A Drinking We Will Go
Samantha Gold

Disclaimer: By now you ought to know that I don’t own them! Never will! …unless Joss is interested in trading for my CD collection…

Classification: Challenge Fic
Spoilers: Just to be on the safe side, let’s say that everything’s fair game, okay?
Feedback: Don’t make me beg! I need it!
Dedication: To Nightbird, who issued the challenge

"Hahaha, gimme another one!" Buffy shouted at the bartender drunkenly as she slammed her glass down on the counter, breaking it. "Oopsies!" She announced with a shrug.

"Slayer, you’re drunk!" Spike teased.

"I not drunk!" Buffy declared defiantly, standing up quickly. She promptly fell down. "Ooh, just a bit tipsy."

"It’s Christmas, pet, you’re supposed to have fun, not get wasted," he chided.

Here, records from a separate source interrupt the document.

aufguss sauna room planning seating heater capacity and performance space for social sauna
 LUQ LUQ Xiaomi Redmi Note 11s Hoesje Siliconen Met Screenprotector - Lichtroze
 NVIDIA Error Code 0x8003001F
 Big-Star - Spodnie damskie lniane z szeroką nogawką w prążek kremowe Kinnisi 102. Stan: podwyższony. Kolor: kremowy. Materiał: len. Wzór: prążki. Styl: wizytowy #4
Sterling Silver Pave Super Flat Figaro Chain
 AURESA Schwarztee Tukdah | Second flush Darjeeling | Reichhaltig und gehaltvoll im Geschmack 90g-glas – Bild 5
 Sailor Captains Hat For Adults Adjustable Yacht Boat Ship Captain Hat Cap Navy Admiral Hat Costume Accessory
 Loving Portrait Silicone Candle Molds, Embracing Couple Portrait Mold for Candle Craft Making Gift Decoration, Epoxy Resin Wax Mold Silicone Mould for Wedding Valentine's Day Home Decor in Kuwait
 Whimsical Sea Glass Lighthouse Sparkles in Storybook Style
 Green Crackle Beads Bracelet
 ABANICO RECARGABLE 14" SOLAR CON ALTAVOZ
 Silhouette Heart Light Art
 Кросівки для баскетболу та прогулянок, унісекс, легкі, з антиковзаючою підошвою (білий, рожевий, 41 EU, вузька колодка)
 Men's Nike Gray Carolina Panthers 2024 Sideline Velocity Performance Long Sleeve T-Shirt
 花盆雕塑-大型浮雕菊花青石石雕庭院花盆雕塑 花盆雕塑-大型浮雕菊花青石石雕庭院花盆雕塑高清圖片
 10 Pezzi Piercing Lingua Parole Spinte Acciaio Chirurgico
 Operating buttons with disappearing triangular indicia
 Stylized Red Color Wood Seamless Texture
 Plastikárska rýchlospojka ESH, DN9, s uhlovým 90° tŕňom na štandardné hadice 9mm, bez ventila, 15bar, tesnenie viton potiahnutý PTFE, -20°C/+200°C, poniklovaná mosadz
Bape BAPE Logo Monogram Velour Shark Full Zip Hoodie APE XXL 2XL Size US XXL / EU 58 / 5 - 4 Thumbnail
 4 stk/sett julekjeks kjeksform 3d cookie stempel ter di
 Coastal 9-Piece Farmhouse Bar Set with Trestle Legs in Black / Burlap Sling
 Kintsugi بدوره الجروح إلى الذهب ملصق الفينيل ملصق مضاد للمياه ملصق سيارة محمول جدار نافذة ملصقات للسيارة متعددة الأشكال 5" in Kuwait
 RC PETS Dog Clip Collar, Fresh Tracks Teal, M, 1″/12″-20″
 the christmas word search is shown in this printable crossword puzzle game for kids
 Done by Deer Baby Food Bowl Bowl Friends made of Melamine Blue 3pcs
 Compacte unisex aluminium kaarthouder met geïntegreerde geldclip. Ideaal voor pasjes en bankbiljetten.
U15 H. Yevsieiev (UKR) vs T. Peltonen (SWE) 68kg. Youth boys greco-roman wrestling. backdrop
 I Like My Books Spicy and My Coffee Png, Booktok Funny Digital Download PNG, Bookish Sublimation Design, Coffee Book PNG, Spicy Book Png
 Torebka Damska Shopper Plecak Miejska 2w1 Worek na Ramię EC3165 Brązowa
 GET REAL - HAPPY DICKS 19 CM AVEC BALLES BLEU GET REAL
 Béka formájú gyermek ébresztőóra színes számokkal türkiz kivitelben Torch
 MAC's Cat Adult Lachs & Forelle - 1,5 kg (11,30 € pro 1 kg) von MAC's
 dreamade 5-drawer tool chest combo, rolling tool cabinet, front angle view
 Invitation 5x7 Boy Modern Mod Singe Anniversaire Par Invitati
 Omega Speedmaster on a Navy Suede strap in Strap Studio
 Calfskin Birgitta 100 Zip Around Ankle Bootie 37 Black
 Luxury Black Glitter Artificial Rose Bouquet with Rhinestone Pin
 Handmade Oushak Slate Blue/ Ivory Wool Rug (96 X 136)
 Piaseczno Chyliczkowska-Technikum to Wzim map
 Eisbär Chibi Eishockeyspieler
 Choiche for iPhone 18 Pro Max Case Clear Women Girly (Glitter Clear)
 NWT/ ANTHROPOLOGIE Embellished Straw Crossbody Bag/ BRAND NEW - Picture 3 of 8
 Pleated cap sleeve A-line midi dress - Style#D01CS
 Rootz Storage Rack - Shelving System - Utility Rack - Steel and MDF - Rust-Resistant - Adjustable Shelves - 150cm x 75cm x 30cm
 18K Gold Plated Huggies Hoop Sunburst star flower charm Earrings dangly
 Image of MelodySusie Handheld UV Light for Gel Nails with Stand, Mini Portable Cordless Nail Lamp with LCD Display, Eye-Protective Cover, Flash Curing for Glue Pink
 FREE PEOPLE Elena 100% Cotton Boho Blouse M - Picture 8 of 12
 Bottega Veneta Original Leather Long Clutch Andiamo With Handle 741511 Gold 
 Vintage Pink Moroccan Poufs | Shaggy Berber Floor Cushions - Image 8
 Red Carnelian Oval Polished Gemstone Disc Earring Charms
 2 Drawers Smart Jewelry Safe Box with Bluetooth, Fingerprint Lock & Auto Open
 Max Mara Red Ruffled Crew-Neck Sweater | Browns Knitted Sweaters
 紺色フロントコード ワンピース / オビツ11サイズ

"Beer good," she told him, pouting. "Beer fun!" She added with a smile.

"Come along now, luv," he said, pulling her by the arm.

"No! No want go home. Wanna stay here! Stay, Spiky," she slurred, pulling back hard and spinning herself around in a circle before falling down again. She looked around confusedly. "Who hit me?" She demanded.

"No one, pet. Now, ‘Spiky’ is going home and you’re coming, Slayer," he told her as he pulled her back to her feet.

"Ohh," Buffy complained as he dragged her out of the bar. "Ooh! Look, Spiky, look! Christmas lights!" She grinned, then broke into a mad dash for a large pine in front of a fancy home.

"Slayer!" Spike yelled, running after her. For someone who was piss-drunk she was certainly running fast.

Buffy laughed before climbing up the tree, crushing as many light bulbs as she could and giggling with glee every time she heard the crunch of one snapping between her fingers. When she reached the top, she called down to Spike "Come on, Spiky! It fun here up!"

"Uh, ducks, I think you mean ‘up here’," Spike corrected her. "Now come on down!"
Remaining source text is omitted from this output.